4

I have some IDNA encoded strings that I cannot decode. In Python, I try u"xn--grohandel-shop-2fb".decode("idna") and get the error "IDNA does not round-trip". The same for "xn--sottmqqo5-lgbe9b7no0hmz9u".

I'm stumped, and Googling the error doesn't help at all.

Steve
  • 4,033
  • 5
  • 32
  • 29

1 Answers1

5

The error "IDNA does not round-trip" means that the module gets a different result when decoding and encoding the string.

By looking at the source code for Python's IDNA module, the error "IDNA does not round-trip" is raised on line 139 if the module can't recreate the input. In the decode function the input is split by dots and every part is converted in toUnicode.

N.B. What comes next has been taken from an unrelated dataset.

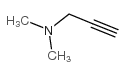 cas no 7223-38-3 is 1-dimethylamino-2-propyne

There the text is decoded, but before the result is returned it encodes the result and compares it with the input and raises the error if it isn't the same: "it doesn't round-trip" or encode(decode(text)) != text.

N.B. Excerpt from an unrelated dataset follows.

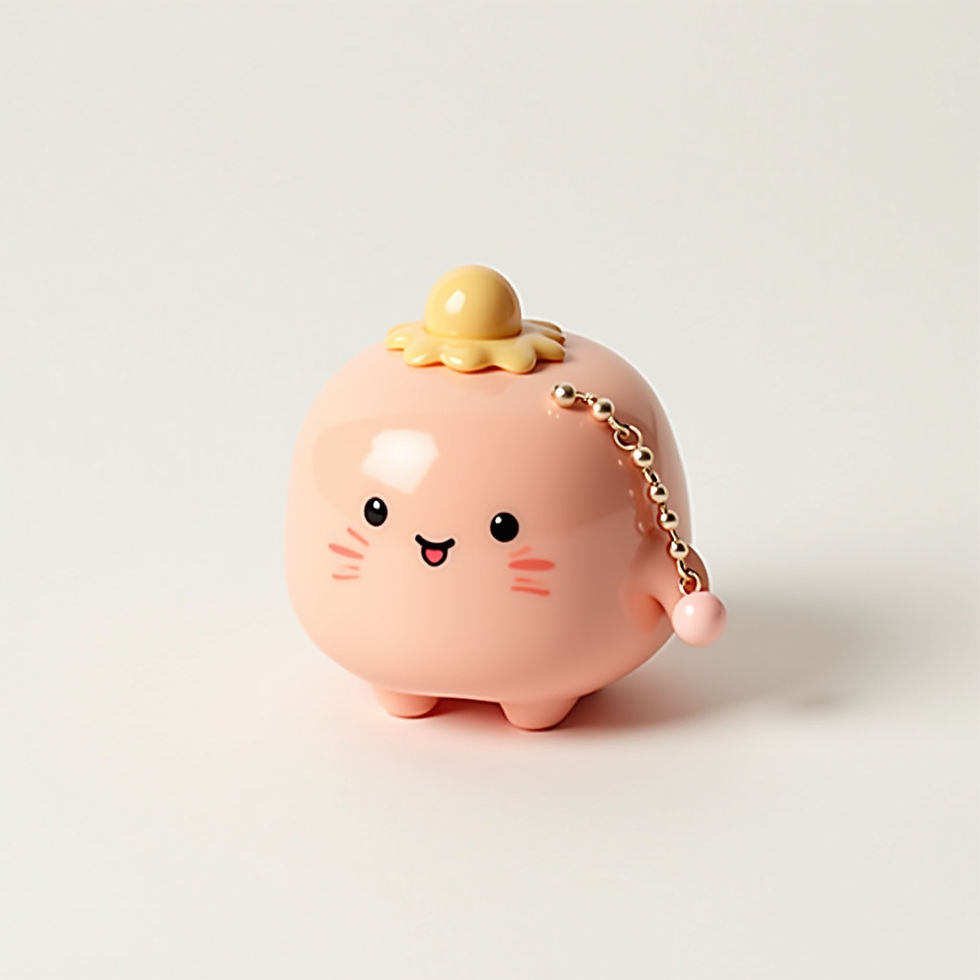 ミニチュアスイーツ マスコット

In the error message you also get the two strings that it tried to compare, in the first example you get:

UnicodeError: ('IDNA does not round-trip', 'xn--grohandel-shop-2fb', 'grosshandel-shop')

You get the error because it has converted ß in "großhandel-shop" to ss in "grosshandel-shop". The ß character was added to the .de-tld late 2010, so this is a bug. Before the change ß was supposed to be changed to ss.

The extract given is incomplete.